Очень спорна у Голубкова и глава «Критика на рубеже 1980–1990-х годов». Голубков утверждает: «Русская литература ХIХ и ХХ веков приняла на себя функции, вовсе не свойственные словесности. Она формировала общенациональный взгляд на мир, систему бытийных ориентиров и онтологических ценностей, национальную мифологию, создала образы культурных (? – Ю.П.) героев».
Сие утверждение, как и блок идей, с ним связанный, практически без изменений перешедший в пособие из ранней книги Голубкова «Русская литература ХХ в.: После раскола» (М., 2002), – общее место в рассуждениях на данную тему у И.Бродского и С.Довлатова, Б.Хазанова и В.Ерофеева, С.Чупринина и Н.Ивановой и многих других «левых» авторов.

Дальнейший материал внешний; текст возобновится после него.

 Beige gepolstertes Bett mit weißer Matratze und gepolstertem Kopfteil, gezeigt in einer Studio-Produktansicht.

Не могу не спросить профессора МГУ и его единомышленников: кто и в каких лабораториях определил те функции словесности, которые она должна и не должна выполнять; в результате скрещивания каких национальных литератур эта абстрактная среднестатистическая словесность появилась на свет; можно ли говорить о литературе ХIХ–ХХ веков через запятую, как о явлениях однородных, однокачественных?
Не секрет, что в литературе обоих веков можно выделить направления, где утверждаются взаимоисключающие представления о мире и человеке, прямо противоположные идейно-эстетические, онтологические ценности.

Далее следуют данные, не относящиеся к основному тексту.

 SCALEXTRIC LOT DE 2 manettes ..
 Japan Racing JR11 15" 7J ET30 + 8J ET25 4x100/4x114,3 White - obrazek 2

Когда книга Голубкова только вышла, её тут же в журнале «Знамя» похвалил Лев Оборин. Правда, рецензент заявил, будто учебников по истории критики «почти нет; до М.Голубкова – только программа (материалы к курсу) С.И. Кормилова и Е.Б. Скороспеловой и пособие А.П. Казаркина». Видимо, Оборин читал книгу М.Голубкова не очень внимательно, ибо на странице пятой автором пособия была дана высокая оценка учебнику «История русской литературной критики» под редакцией профессора В.В. Прозорова, подготовленному в Саратовском госуниверситете. На меня этот учебник произвёл угнетающее впечатление своим предельно низким уровнем. И объективно его оценил только Михаил Лобанов («Российский писатель», 2003, № 19).
Так вот, если сравнивать пособие Голубкова с учебником под редакцией Прозорова и ему подобными преобладающими в академической науке трудами, то его можно назвать удачной неудачей.